Information supplied: Begin

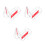 3Sets Solid Metal Cylinder Cone Geometric Models for School Teaching 6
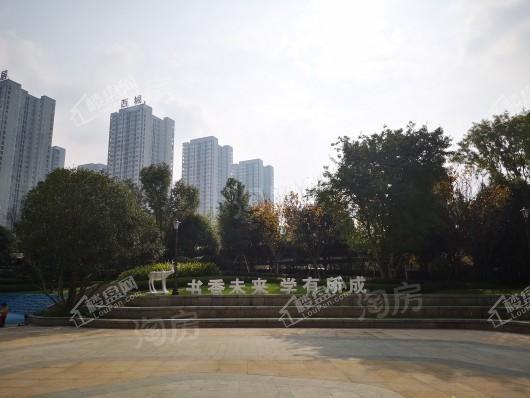 恒大未来城实景图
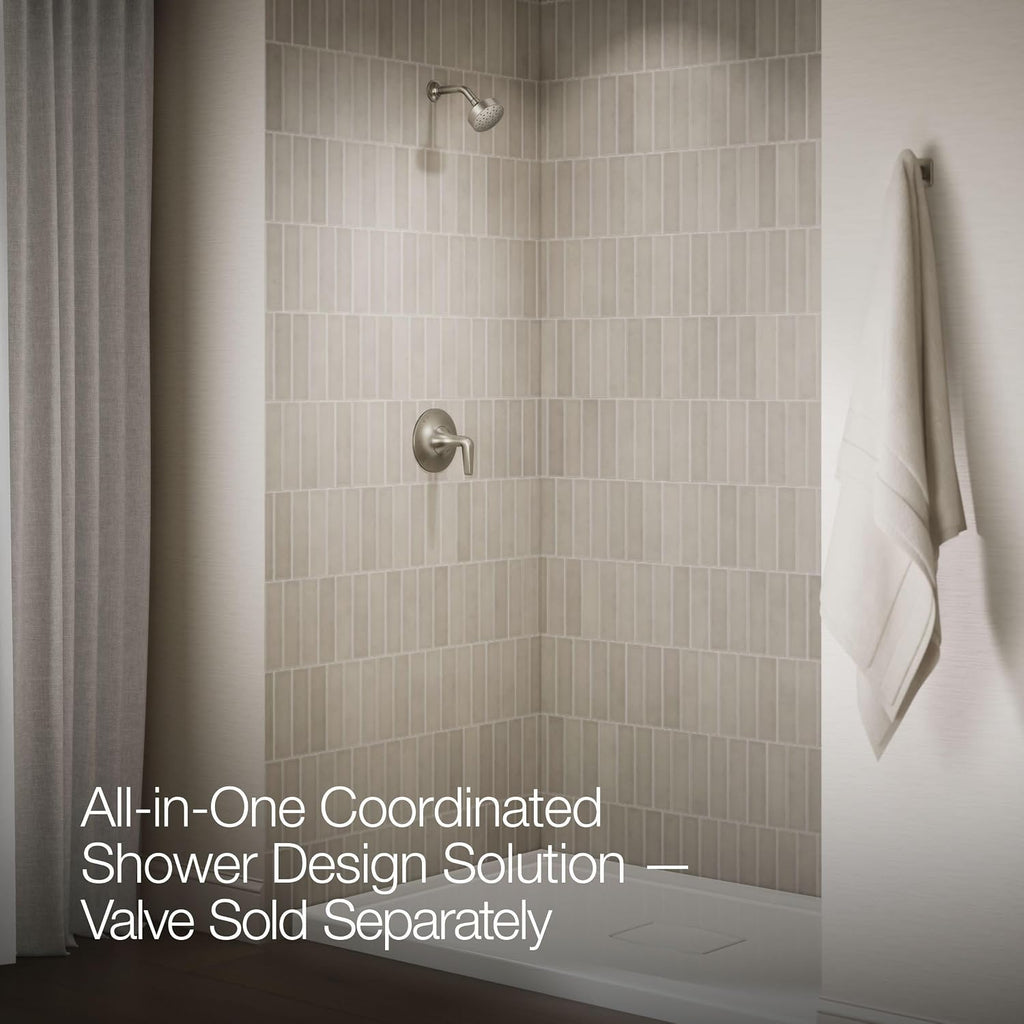 Kohler K-TS22028-4-BN - Shower Only Faucet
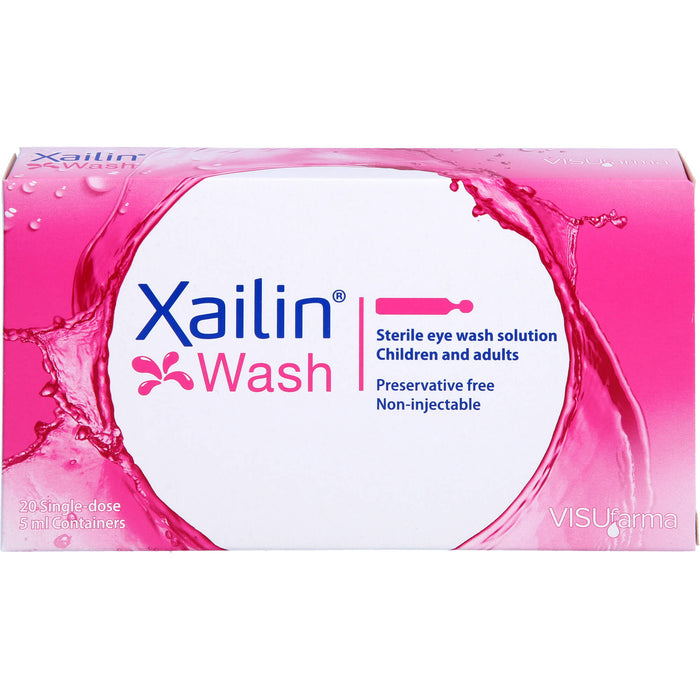 Xailin Wash, 100 ml Lösung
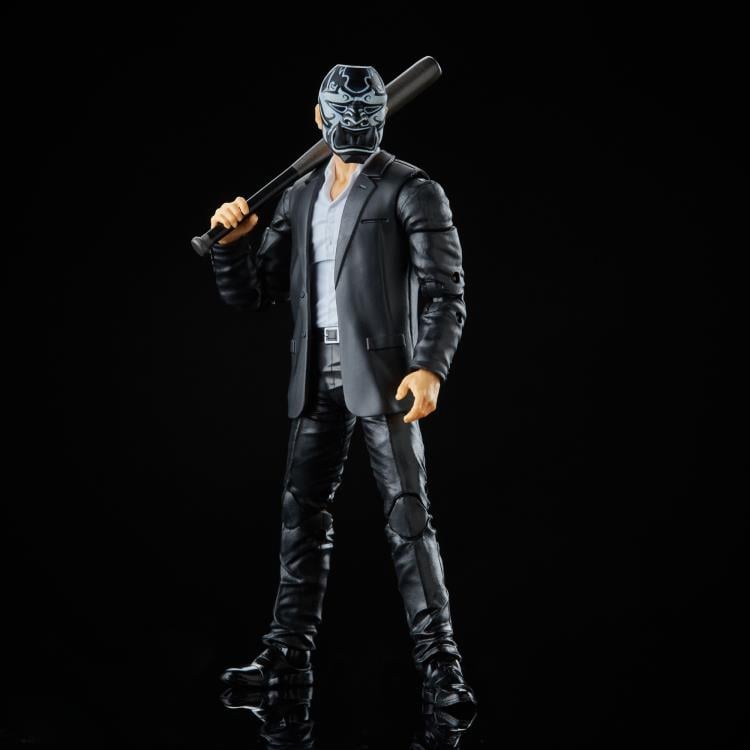 Marvel's Spider-Man Marvel Legends Inner Demon and Mr. Negative Exclusive Action Figure Two-Pack Gallery Image 3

Information supplied: End

■ **Your objective**
Word for word, retype the lines from the one that contains "Xailin Wash, 100 ml Lösung" through the final line of the data, both ends included, excluding pictures.

■ **Response to the task**
 Xailin Wash, 100 ml Lösung
 Marvel's Spider-Man Marvel Legends Inner Demon and Mr. Negative Exclusive Action Figure Two-Pack Gallery Image 3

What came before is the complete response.